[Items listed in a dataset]
══════

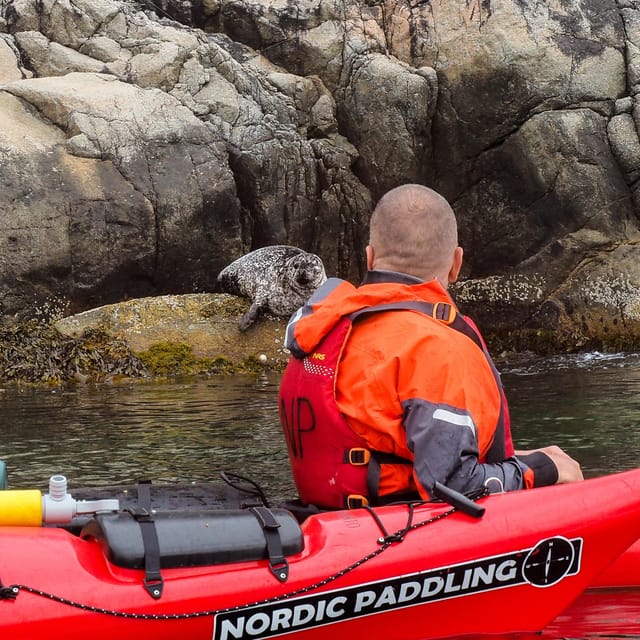 Stavanger: Lysefjord Kayak Safari (Waterfalls & Pulpit Rock) - Practical preparation for the day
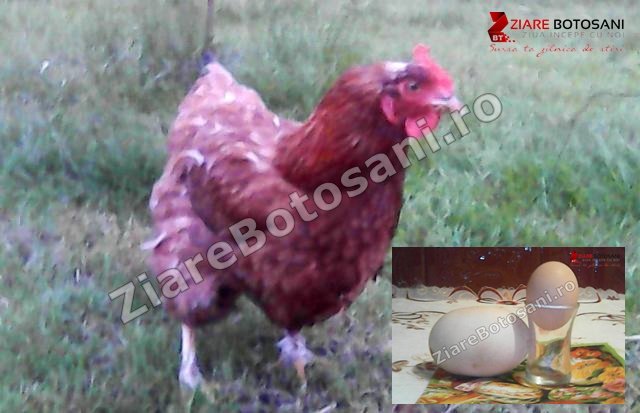 O găină din Mileanca, județul Botoșani poate intra în Cartea Recordurilor. A făcut un ou gigant – VIDEO | FOTO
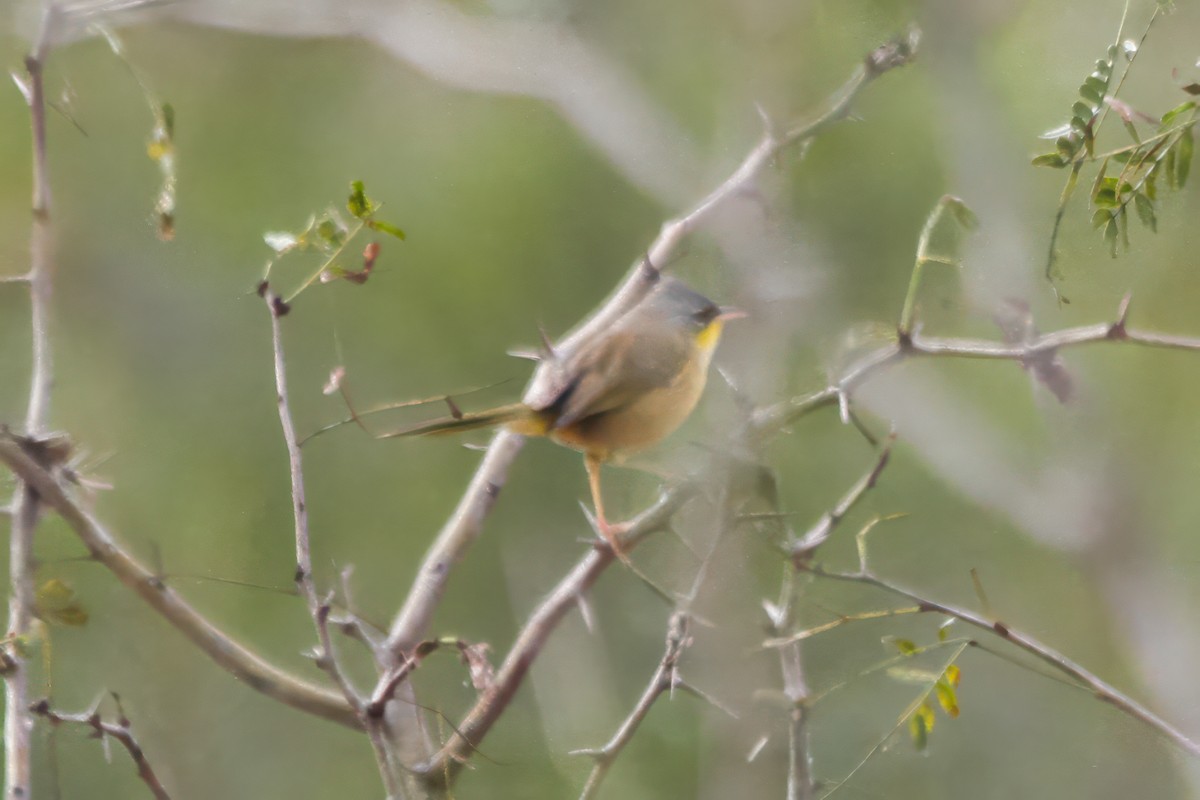 Gray-crowned Yellowthroat - ML645468734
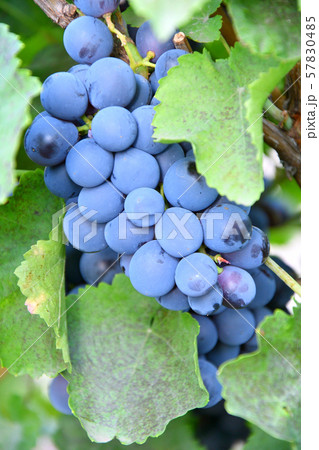 Grapes Black Color Grapes Black Color 57830485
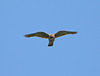 Kestrel @ Eye Level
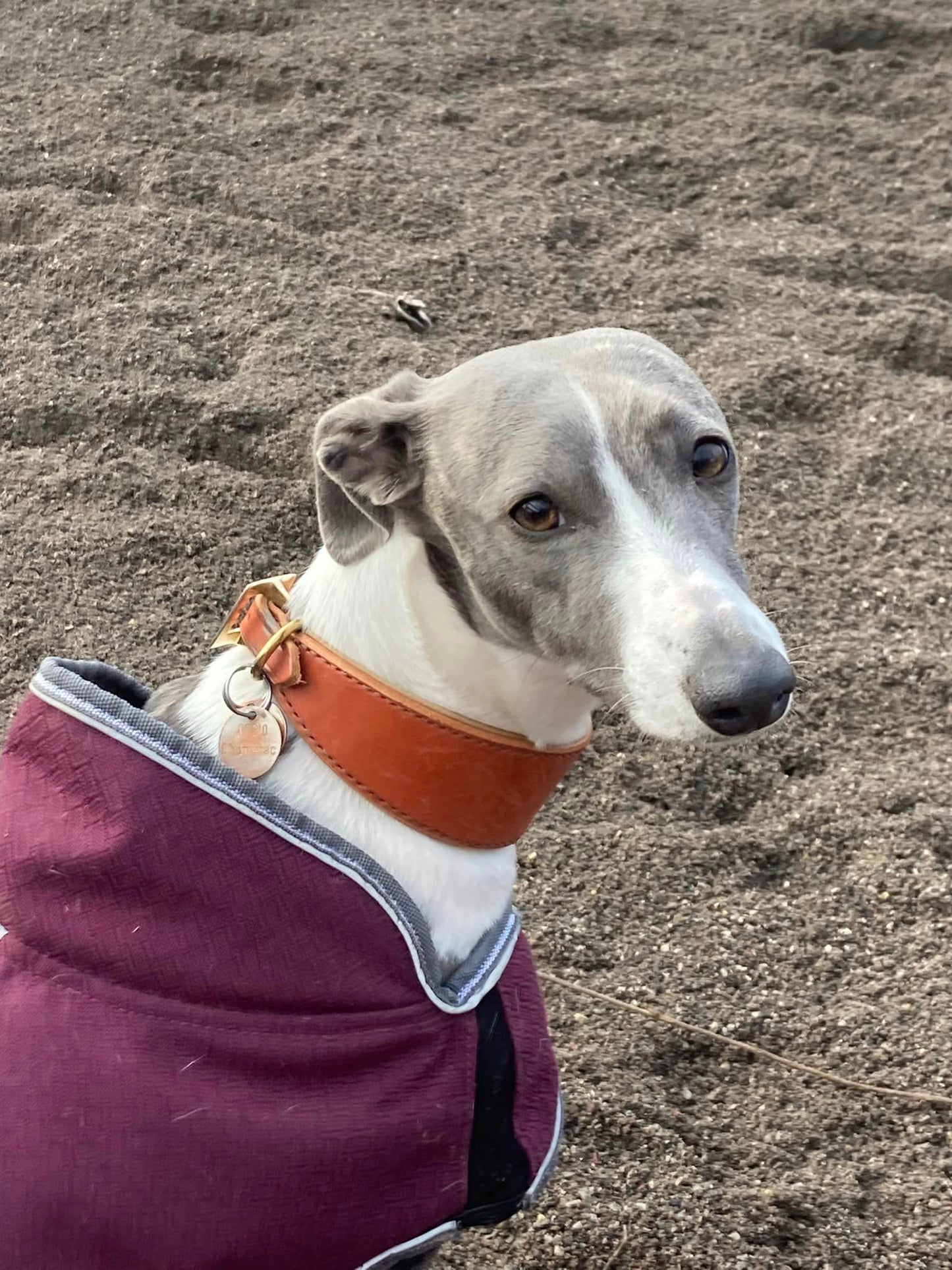 COLLIER CHIEN WHIPPET
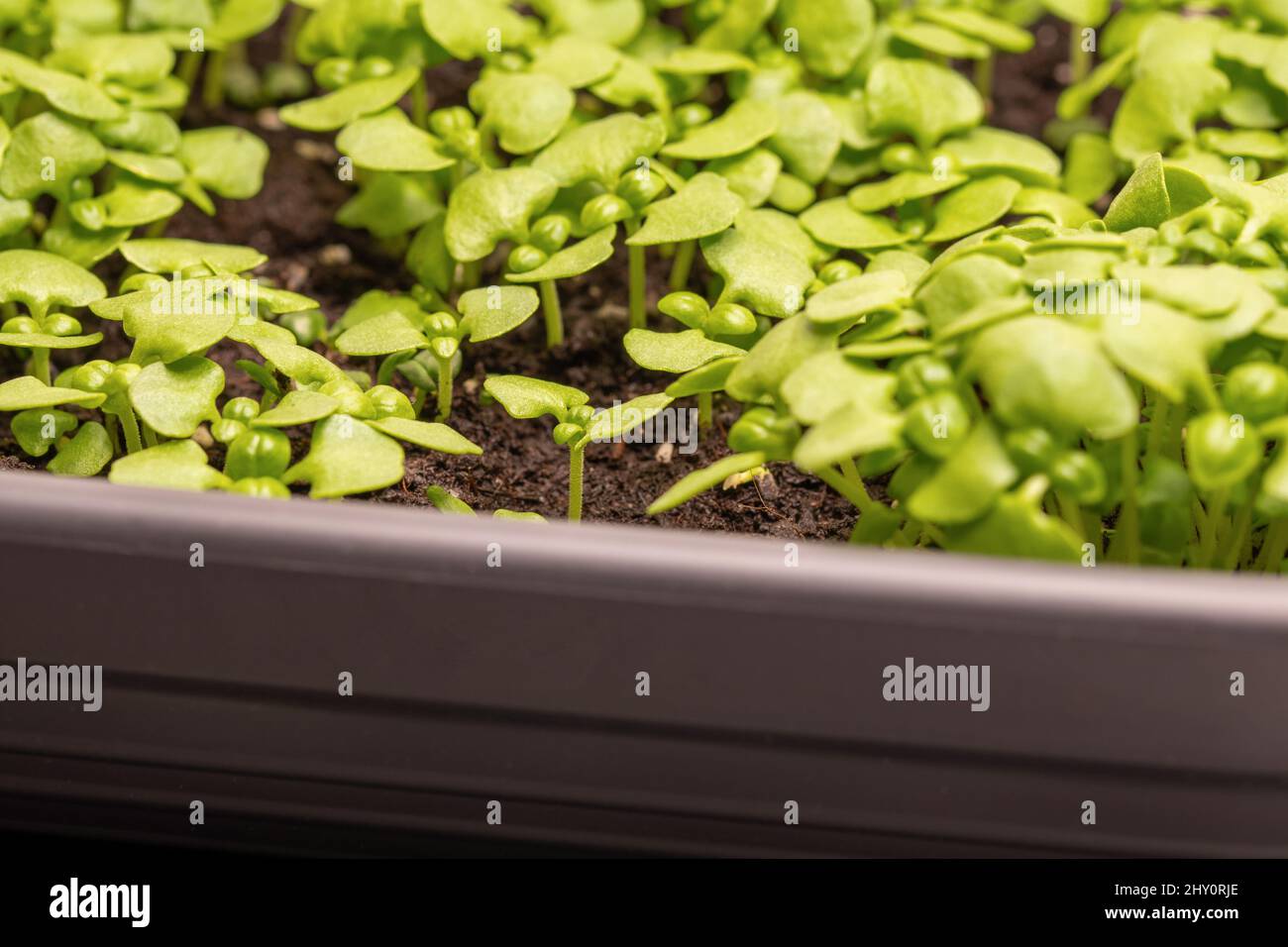 Basil seed sowing in a small greenhouse Stock Photo Alamy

══════

[HOW TO COMPLETE THIS TASK] The data above should be repeated exactly, minus any pictures.

[EXERCISE SOLUTION]
 Stavanger: Lysefjord Kayak Safari (Waterfalls & Pulpit Rock) - Practical preparation for the day
 O găină din Mileanca, județul Botoșani poate intra în Cartea Recordurilor. A făcut un ou gigant – VIDEO | FOTO
 Gray-crowned Yellowthroat - ML645468734
 Grapes Black Color Grapes Black Color 57830485
 Kestrel @ Eye Level
 COLLIER CHIEN WHIPPET
 Basil seed sowing in a small greenhouse Stock Photo Alamy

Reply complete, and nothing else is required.